GuiSoySauce
GuiSoySauce

Reputation: 1783

How to add a extra values for the keys on dictionaries?

For the following variable

var dict2 = ["key1" : "value1", "key2" : [ "value1" , "value2" ]]

How to add a third value for the second key of the following dictionary?

Upvotes: 1

Views: 81

Answers (2)

Antonio
Antonio

Reputation: 72760

@AirspeedVelocity provides a working solution, but requiring a small change to the way the data is defined - but that is what I would do myself, if possible.

However if you have to stick with the original data format, you can use this code:

var dict2: [String : AnyObject] = ["key1" : "value1", "key2" : [ "value1" , "value2" ]]

var array = dict2["key2"] as? [String]
array?.append("value3")
dict2["key2"] = array

First we make explicit the dict2 type, a dictionary using strings as keys and AnyObject as values.

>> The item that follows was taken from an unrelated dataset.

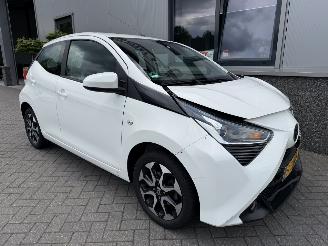 Toyota Aygo 1.0 VVT-i x-joy picture 2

Next we extract the value for the key2 key, and attempt to cast to an array of strings - note that this returns an optional, so the type of array is [String]?

In the next line we add a new element to the array - note that if array is nil, the optional chaining expression evaluates to nil, and nothing happens

In the last line, we set the new array value back to the corresponding key - this step is required because the array is a value type, so when we extract it from the dictionary, we actually get a copy of it - so any update made on it won't be applied to the original array.

Upvotes: 2

Airspeed Velocity
Airspeed Velocity

Reputation: 40963

If I can reformulate your dict2 declaration slightly:

var dict2 = ["key1" : ["value1"], "key2" : [ "value1" , "value2" ]]

then you can append an extra item to key2 like this:

dict2["key2"]?.append("value3")

However, you will probably need to be careful to check that key2 was already present. Otherwise, the above statement will do nothing. In which case you can write:

if dict2["key2"]?.append("value3") == nil {
    dict2["key2"] = ["value3"]
}

Why did I change the original declaration? With the version I gave, dict2 will be of type [String:[String]]. But with your version, what Swift is doing is declaring a much more loosely typed [String:NSObject]. This compiles, but behaves very differently (contents will have reference not value semantics, you will have to do type checks and casts frequently etc), and is probably best avoided.